I find abandoned things from time to time. I have found phones,manuscripts, a box of jello, The Feminine Mystique. I have abandoned things: a slip, a hairbrush, a box of condoms, self-discipline, a bicycle.
Tonight I found a single white rose by the trash chute. In perfect condition, fresh and soft, still wrapped in a plastic sheath. It made me sad to think that a fresh rose would be so unwanted. Did someone’s date go poorly tonight? Naturally, I took it in. But I wondered as I set it on the counter, what good does this do? What can I do with a single rose? I suppose I can put it in water and wait for it to die.
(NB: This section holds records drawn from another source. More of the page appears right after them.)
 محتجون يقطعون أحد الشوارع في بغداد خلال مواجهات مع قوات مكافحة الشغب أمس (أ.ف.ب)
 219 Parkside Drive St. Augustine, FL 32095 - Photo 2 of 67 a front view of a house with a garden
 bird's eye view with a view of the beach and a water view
And then once it does, I can abandon it again. It seems harsh. This is why I hate receiving flowers — there really is nothing to do with them. I wondered if the person who received it went through the same thought process, and decided to get rid of it before the misery began. Obviously, they had some sympathy for the flower, leaving it merely beside the trash chute rather than chucking the whole thing in. So I did the thing anyway, and it’s sitting in a tiki glass on my counter in some water.
A while ago I found what I consider to be a bachelor box abandoned by the trash chute. It was a cardboard box full of packages of Rice-A-Roni and cheap cans of alcohol. I imagine it was someone trying to move beyond a certain stage of life where Jeremiah Weed Sweet Tea and sodium are no longer staples. Clearly, I am not beyond that stage of life, and I thanked them for their charity.
I found a break-up box once, too. It was full of sweaters that were nice, but slightly too large for me, unopened tea-tree oil and mint shampoo, and a favorite mug. It was left by the trash chute as well and I waited a whole day to pass of it unclaimed before I took it in. I had a friend, long ago, who after a break up took a photo of his ex’s stuff that he had left behind piled up in boxes by the garbage, and texted the photo to him on his birthday. He never heard back from him.
Lately, I’ve found myself abandoned. You don’t really think you did, but it’s true you thought your life would be better elsewhere and as a result of this I am alone. The paltry words of affection you offer me do not fill the void where you once lay beside me. They do not quell the obsessive thoughts about you, wondering if you are thinking of me, wondering if you love me, wondering if we’ll have a future together. What good does this do? What can I do in an empty home? There is no one to put up my Christmas decorations for, no one to see when I roll out of bed. I suppose I can keep hollowly treading forth, waiting to see you again. Waiting for it to die? I can’t stand that thought, but the waiting feels like undeath. It isn’t living. Obviously, you have some attachment to me or you would have broken it off outright. You say this is for our future, but I cannot see beyond six months from now in my haze. And six months from now you will still be gone.
What is there to do? I have to keep going through a blank horizon before I can reach our destination.